El nuevo coronavirus se propaga de humano a humano viajando en gotas de saliva de varios tamaños. Algunos son más grandes, del tipo que se expulsa al toser y estornudar. Algunos son mucho más pequeños e invisibles para el ojo humano. Los investigadores han demostrado que estas gotas pueden circular mientras hablan. Ahí es donde usar máscaras y otros equipos de protección, así como medidas de distanciamiento social, pueden ayudar.

Esas gotas también pueden caer en varias superficies, por lo que es esencial lavarse las manos con frecuencia y limpiar superficies y objetos que se comparten con otros. El CDC actualizó el lenguaje en sus páginas COVID-19 para explicar que la transmisión desde las superficies es menos probable, pero el riesgo aún existe. El virus puede propagarse a las superficies y tocar sus ojos, boca o nariz después de tocar objetos contaminados podría ser riesgoso.

Varios estudios ya han demostrado que el virus puede sobrevivir desde unas pocas horas hasta unos pocos días en el aire y en superficies específicas. Una nueva investigación ahora muestra cuán fácil es que el ADN viral se propague a través de las superficies en una sala de hospital. El patógeno dejado en un riel de cama de hospital se encontró en casi la mitad de todos los sitios muestreados dentro de las 10 horas y persistió durante cinco días. Afortunadamente, no fue una cepa viva del nuevo coronavirus.

Investigadores del University College London replicaron una sección de ADN de un virus que infecta a las plantas y que no puede infectar a los humanos. Lo sumergieron en 0,1 ml de agua en concentraciones similares a las copias de SARS-CoV-2 de muestras de pacientes con COVID-19, y lo plantaron en una baranda de cama en una sala de aislamiento. Ese es el tipo de habitación en la que se podría colocar a los pacientes con coronavirus para reducir la transmisión.

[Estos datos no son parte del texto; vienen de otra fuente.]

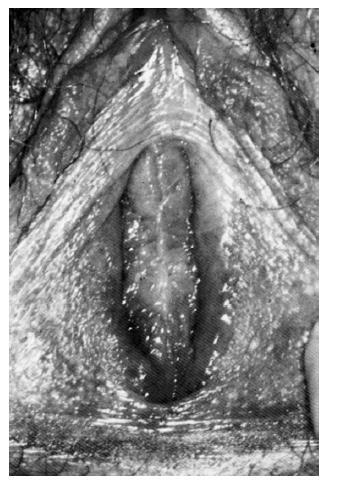 VAGINAL AGENESIS also known as Mullerian agenesis or Mullerian aplasia associated with the Mayer Rokitansky Kuster Hauser (MRKH) syndrome.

Después de 10 horas, el ADN viral llegó a las barandillas de la cama, las manijas de las puertas, los reposabrazos en las salas de espera y los juguetes y libros en un área de juegos para niños. Los investigadores encontraron el virus en el 41% de las áreas muestreadas en toda la sala. La propagación continuó, llegando al 52% de esas áreas en tres días antes de caer al 41% en el quinto día.

El virus se propagó principalmente a las regiones cercanas, incluida una habitación con varias camas y salas de tratamiento. En el tercer día, el 86% de los sitios muestreados en áreas clínicas estaban contaminados, y en el cuarto día, el 60% de las muestras cercanas al área del lecho fueron positivas. Eso no quiere decir que el coronavirus viviría tanto tiempo en las superficies. Pero podría extenderse con la misma rapidez, lo que representa un riesgo de infección en esos primeros minutos cruciales.

Al igual que con otros estudios, hay otra advertencia. No está claro si el ADN viral que queda en las superficies sería infeccioso o la probabilidad de que una persona se infecte de esa manera.

El propósito del estudio es enfatizar la importancia de las prácticas adecuadas de higiene y limpieza, así como la necesidad de equipo de protección personal en entornos donde hay pacientes confirmados con COVID-19. Los investigadores señalan que el virus sustituto se puede eliminar con una toallita desinfectante o agua y jabón, al igual que el nuevo coronavirus.

“Nuestro sustituto fue inoculado una vez en un solo sitio, y el personal, los pacientes y los visitantes se propagaron a través del contacto de las superficies”, dijo la Dra. Lena Ciric, autora principal del estudio UCL. “Sin embargo, una persona con SARS-CoV-2 eliminará el virus en más de un sitio, al toser, estornudar y tocar superficies”.

Chris Smith comenzó a escribir sobre gadgets como un pasatiempo, y antes de darse cuenta estaba compartiendo sus puntos de vista sobre temas tecnológicos con lectores de todo el mundo. Cada vez que no escribe sobre aparatos, lamentablemente no se mantiene alejado de ellos, aunque lo intenta desesperadamente. Pero eso no es necesariamente algo malo.